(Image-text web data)
((

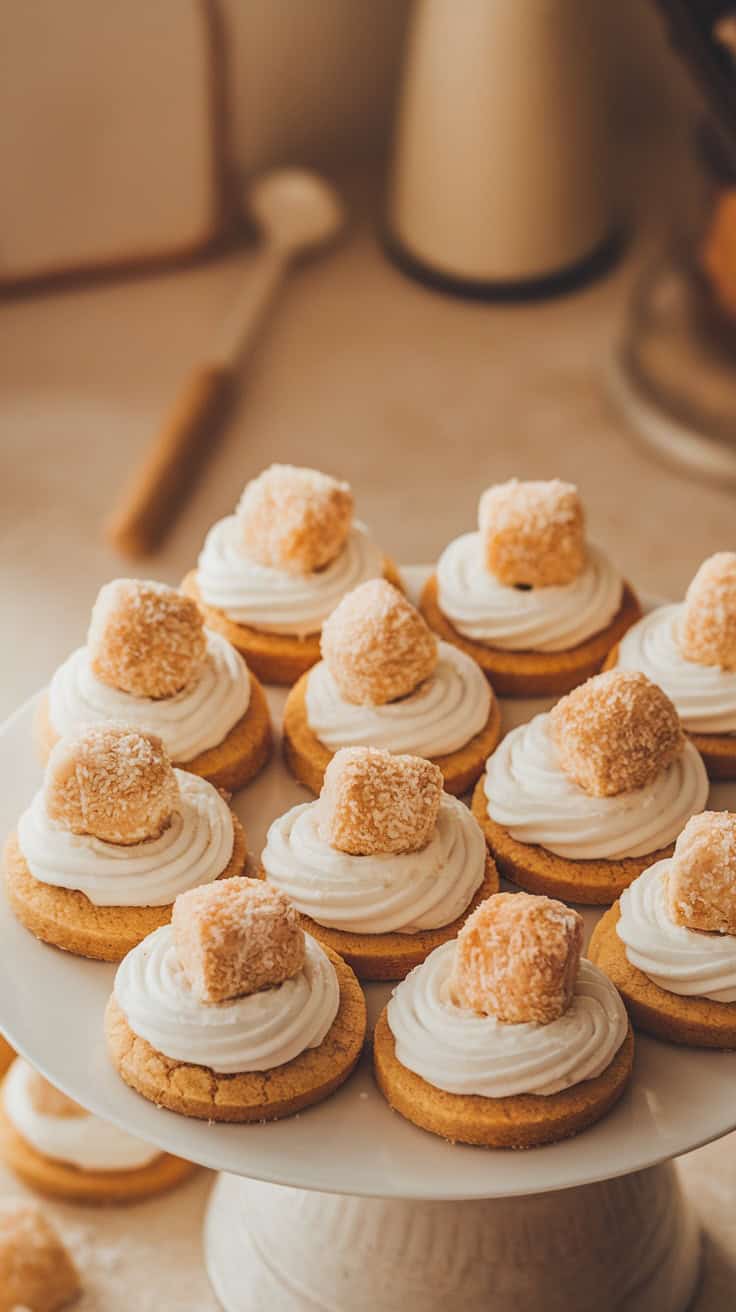 Bunny Tail Cookies decorated with frosting and marshmallows.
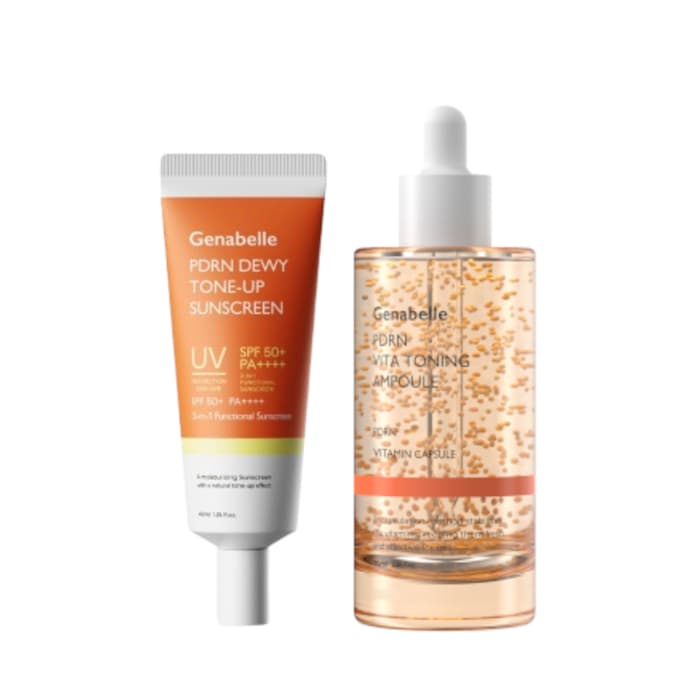 PDRN Dewy Tone-up Sunscreen SPF50+ PA++++ - (1ea) & VITA Toning Ampoule JUMBO - (1ea) Set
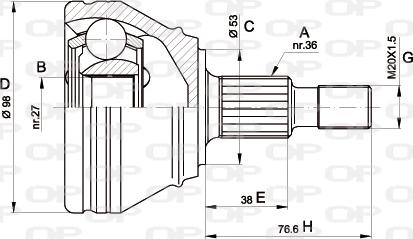 Open Parts CVJ5442.10 - Шарнирный комплект, ШРУС, приводной вал autosila-amz.com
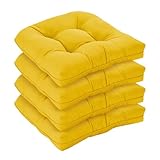 LOVTEX Indoor/Outdoor Tufted Seat Cushions for Patio Furniture Set of 4, 19x19 in Yellow Outdoor Chair Cushions - Overstuffed Patio Furniture Cushions for Wicker Chair with Round Corner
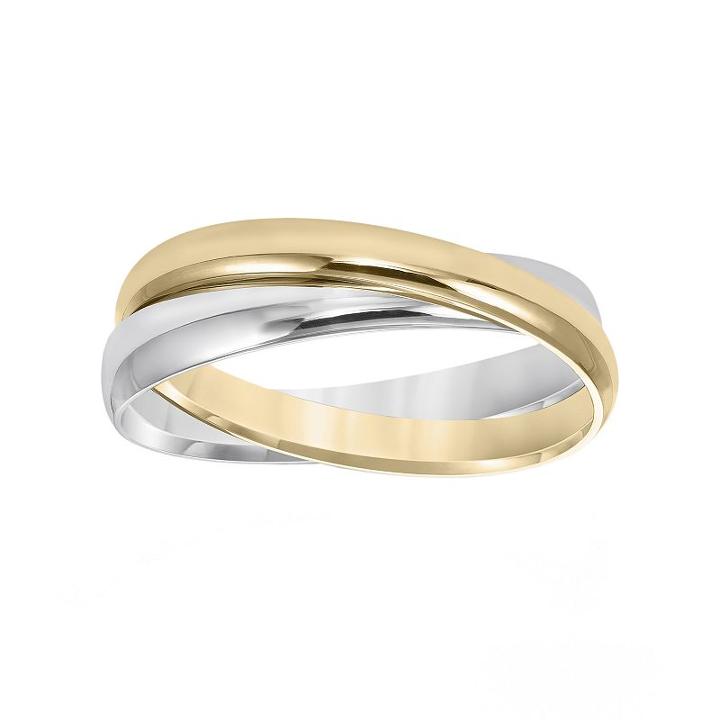 Cherish Always Yellow Ion-plated Stainless Steel And Stainless Steel Double Band - Men, Size: 11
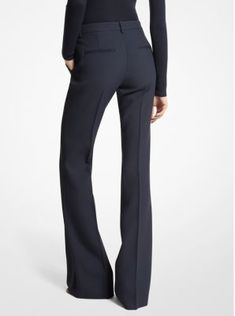 Crafted in Italy and designed with a flat front and elongated flared leg, our Haylee trousers are sharply tailored for a streamlined silhouette. Finished with side pockets and crisp pleats down the front, they look chic paired with platform heels and a cashmere sweater or blazer. Luxury Fitted Straight Leg Flares, Sleek Fitted Wide Leg Pants With Straight Hem, Chic Fitted Bottoms With Straight Hem, Formal Flare Bottoms With Belt Loops, Sleek Full Length Pants With Welt Pockets, Elegant Flare Bottoms With Belt Loops, Modern Fitted Wide Leg Pants For Business Casual, Fitted Modern Wide Leg Pants For Business Casual, Chic Fitted Wide Leg Pants With Straight Hem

))

What to do =>
Beginning at the line above that contains "LOVTEX Indoor/Outdoor Tufted" and going on through the line that contains "Cherish Always Yellow", please copy every line exactly, leaving the pictures out and adding nothing.

Solution =>
 LOVTEX Indoor/Outdoor Tufted Seat Cushions for Patio Furniture Set of 4, 19x19 in Yellow Outdoor Chair Cushions - Overstuffed Patio Furniture Cushions for Wicker Chair with Round Corner
 Cherish Always Yellow Ion-plated Stainless Steel And Stainless Steel Double Band - Men, Size: 11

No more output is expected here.